SET Launches ARMAS Dual Monitor Payload With World View
PAGE, ARIZONA. On Wednesday August 16th at 6:30 AM local time Space Environment Technologies (SET) successfully launched its Automated Radiation Measurements for Aerospace Safety (ARMAS) Dual Monitor payload. A Stratollite balloon vehicle made by World View Enterprises (WVE) carried the ARMAS Flight Module 5 (FM5) total ionizing dose detector and a gamma-ray spectrometer.
This mission, called GRYPHON29, had two objectives: 1) to demonstrate new COTS-based technology for 24/7 real-time radiation monitoring in Earth’s atmosphere and 2) to enable broader understanding of the sources for Earth’s atmospheric radiation environment by measuring both total ionizing dose and gamma-rays.
A picturesque sunrise in good weather illuminated a near perfect launch that was executed by World View Enterprises.
The 300 ft. high balloon and vehicle assembly rose to 21 km altitude (~70,000 ft.) in about 2 hours. However, GRYPHON29 encountered westerly winds at its float altitude that presented an unforeseen flight safety issue. Therefore, the flight was terminated by WVE about 11 hours after launch although the planned mission was for 30 days.
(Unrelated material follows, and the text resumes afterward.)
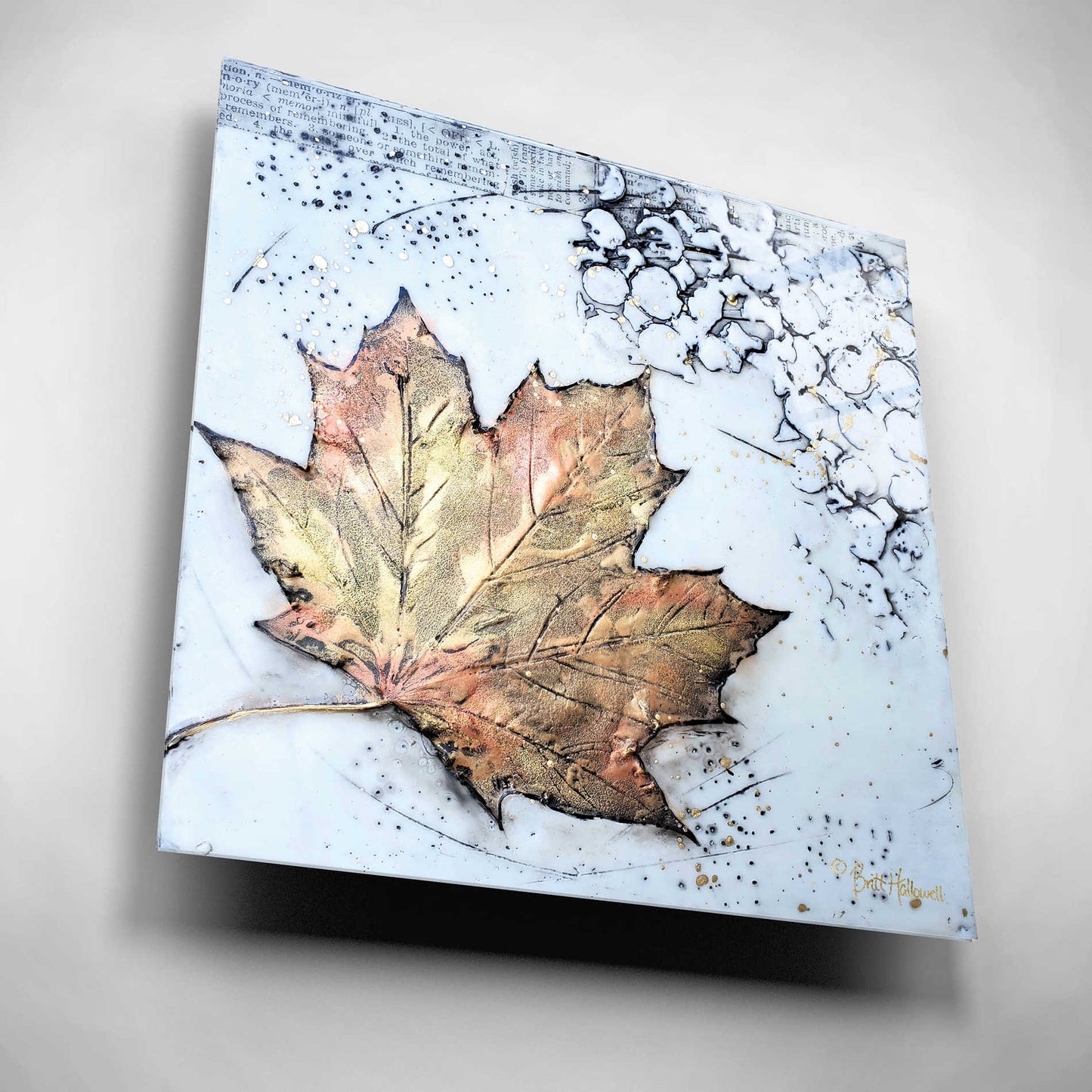 Epic Art 'Channeling Fall 1' by Britt Hallowell, Acrylic Glass Wall Art,12x12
A lesson-learned in the short-lived flight was that the Teledyne dosimeter chip in the ARMAS FM5 instrument provided anomalous data that was likely due to the extreme thermal conditions in the desert. In the summer heat the ARMAS detector appeared to exceed its maximum operating temperature of 40º C (104º F). An attempt was made to mitigate this issue by shutting down the instrument for 3 hours and allow the ambient temperatures at float altitude to cool the instrument; a second mitigation effort was planned for an overnight power off to cool the system. However, the flight was terminated before the effectiveness of these measures could be determined.
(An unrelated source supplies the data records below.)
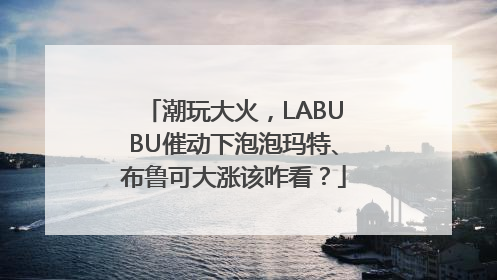 潮玩大火，LABUBU催动下泡泡玛特、布鲁可大涨该咋看？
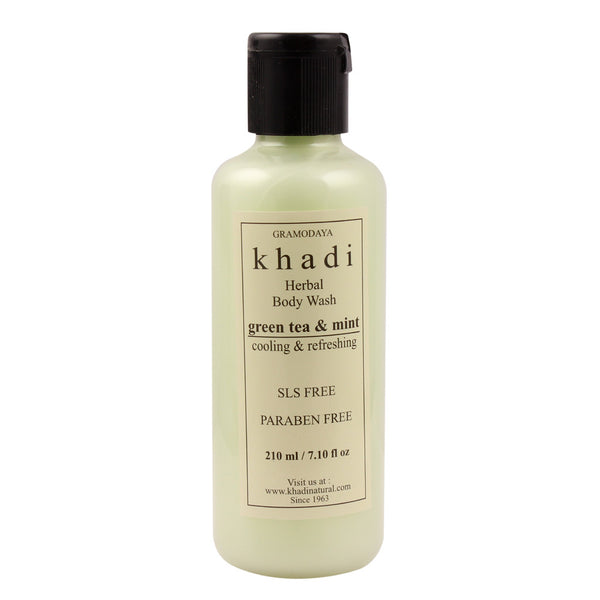 Body Wash - Khadi Natural Green Tea And Mint Body Wash Sls & Paraben Free 210ml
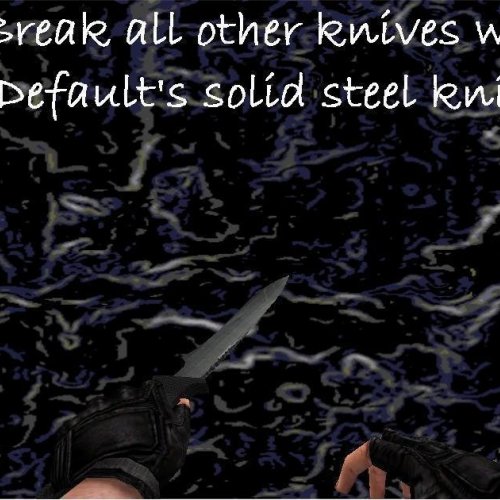 Solid Steel Knife
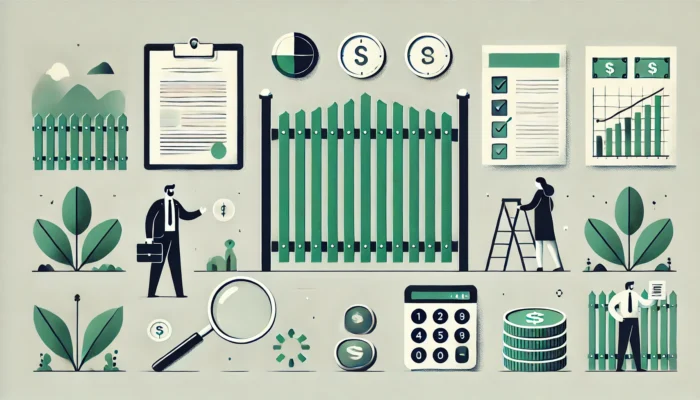 外構フェンスの費用相場の基礎知識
On Friday August 18th, the payload and vehicle were recovered fully intact in the Nevada desert by WVE. Dr. W. Kent Tobiska, the Principal Investigator of ARMAS Dual Monitor and the President of SET, commented, “We are disappointed in the flight results of this otherwise beautiful launch. SET will test and modify the ARMAS Dual Monitor payload to mitigate any excursions outside of operating temperature limits. Our objectives remain to be fulfilled and we seek to refly this payload in the summer of 2024.”
SET received funding for this mission from the NASA Small Business Innovation Research (SBIR) and the NASA Flight Opportunities (FO) programs. SET has a long-term collaboration with World View Enterprises for activities to understand and monitor Earth’s atmospheric radiation environment.